Material for this exercise –
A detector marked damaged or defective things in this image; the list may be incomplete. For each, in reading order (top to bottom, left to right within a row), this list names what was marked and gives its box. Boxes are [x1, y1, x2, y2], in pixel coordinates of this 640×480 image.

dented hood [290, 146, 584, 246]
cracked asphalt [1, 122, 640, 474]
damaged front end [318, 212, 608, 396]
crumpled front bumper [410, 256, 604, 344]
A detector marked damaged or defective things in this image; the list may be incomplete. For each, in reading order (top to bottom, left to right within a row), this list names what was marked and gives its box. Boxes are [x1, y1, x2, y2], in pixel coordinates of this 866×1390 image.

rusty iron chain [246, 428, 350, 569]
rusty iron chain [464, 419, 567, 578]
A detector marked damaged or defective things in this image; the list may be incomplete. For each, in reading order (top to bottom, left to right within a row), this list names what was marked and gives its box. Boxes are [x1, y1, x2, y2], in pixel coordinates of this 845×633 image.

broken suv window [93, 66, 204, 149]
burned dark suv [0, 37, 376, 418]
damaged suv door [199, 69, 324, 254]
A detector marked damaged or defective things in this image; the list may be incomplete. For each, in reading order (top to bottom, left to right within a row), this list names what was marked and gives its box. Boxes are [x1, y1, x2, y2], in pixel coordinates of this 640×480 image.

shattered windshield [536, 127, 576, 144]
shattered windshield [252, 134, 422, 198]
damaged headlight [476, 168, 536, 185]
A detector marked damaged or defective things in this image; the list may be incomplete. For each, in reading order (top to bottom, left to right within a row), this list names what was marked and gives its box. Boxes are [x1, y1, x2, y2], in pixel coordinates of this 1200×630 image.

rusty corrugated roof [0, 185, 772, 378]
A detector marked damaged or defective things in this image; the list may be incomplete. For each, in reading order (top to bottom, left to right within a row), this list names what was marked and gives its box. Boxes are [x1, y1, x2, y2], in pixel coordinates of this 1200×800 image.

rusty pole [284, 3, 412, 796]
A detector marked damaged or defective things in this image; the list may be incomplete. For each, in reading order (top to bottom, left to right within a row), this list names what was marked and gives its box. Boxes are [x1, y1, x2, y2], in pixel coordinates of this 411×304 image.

Requirement – Provide a verbatim copy of all the entries.

Your solution –
A detector marked damaged or defective things in this image; the list may be incomplete. For each, in reading order (top to bottom, left to right within a row), this list names what was marked and gives its box. Boxes are [x1, y1, x2, y2], in pixel coordinates of this 640×480 image.

dented hood [290, 146, 584, 246]
cracked asphalt [1, 122, 640, 474]
damaged front end [318, 212, 608, 396]
crumpled front bumper [410, 256, 604, 344]
A detector marked damaged or defective things in this image; the list may be incomplete. For each, in reading order (top to bottom, left to right within a row), this list names what was marked and gives its box. Boxes are [x1, y1, x2, y2], in pixel coordinates of this 866×1390 image.

rusty iron chain [246, 428, 350, 569]
rusty iron chain [464, 419, 567, 578]
A detector marked damaged or defective things in this image; the list may be incomplete. For each, in reading order (top to bottom, left to right within a row), this list names what was marked and gives its box. Boxes are [x1, y1, x2, y2], in pixel coordinates of this 845×633 image.

broken suv window [93, 66, 204, 149]
burned dark suv [0, 37, 376, 418]
damaged suv door [199, 69, 324, 254]
A detector marked damaged or defective things in this image; the list may be incomplete. For each, in reading order (top to bottom, left to right within a row), this list names what was marked and gives its box. Boxes are [x1, y1, x2, y2], in pixel coordinates of this 640×480 image.

shattered windshield [536, 127, 576, 144]
shattered windshield [252, 134, 422, 198]
damaged headlight [476, 168, 536, 185]
A detector marked damaged or defective things in this image; the list may be incomplete. For each, in reading order (top to bottom, left to right within a row), this list names what was marked and gives its box. Boxes are [x1, y1, x2, y2], in pixel coordinates of this 1200×630 image.

rusty corrugated roof [0, 185, 772, 378]
A detector marked damaged or defective things in this image; the list may be incomplete. For each, in reading order (top to bottom, left to right within a row), this list names what was marked and gives its box. Boxes are [x1, y1, x2, y2], in pixel coordinates of this 1200×800 image.

rusty pole [284, 3, 412, 796]
A detector marked damaged or defective things in this image; the list may be incomplete. For each, in reading order (top to bottom, left to right within a row), this list names what was marked and gives its box. Boxes are [x1, y1, x2, y2], in pixel coordinates of this 411×304 image.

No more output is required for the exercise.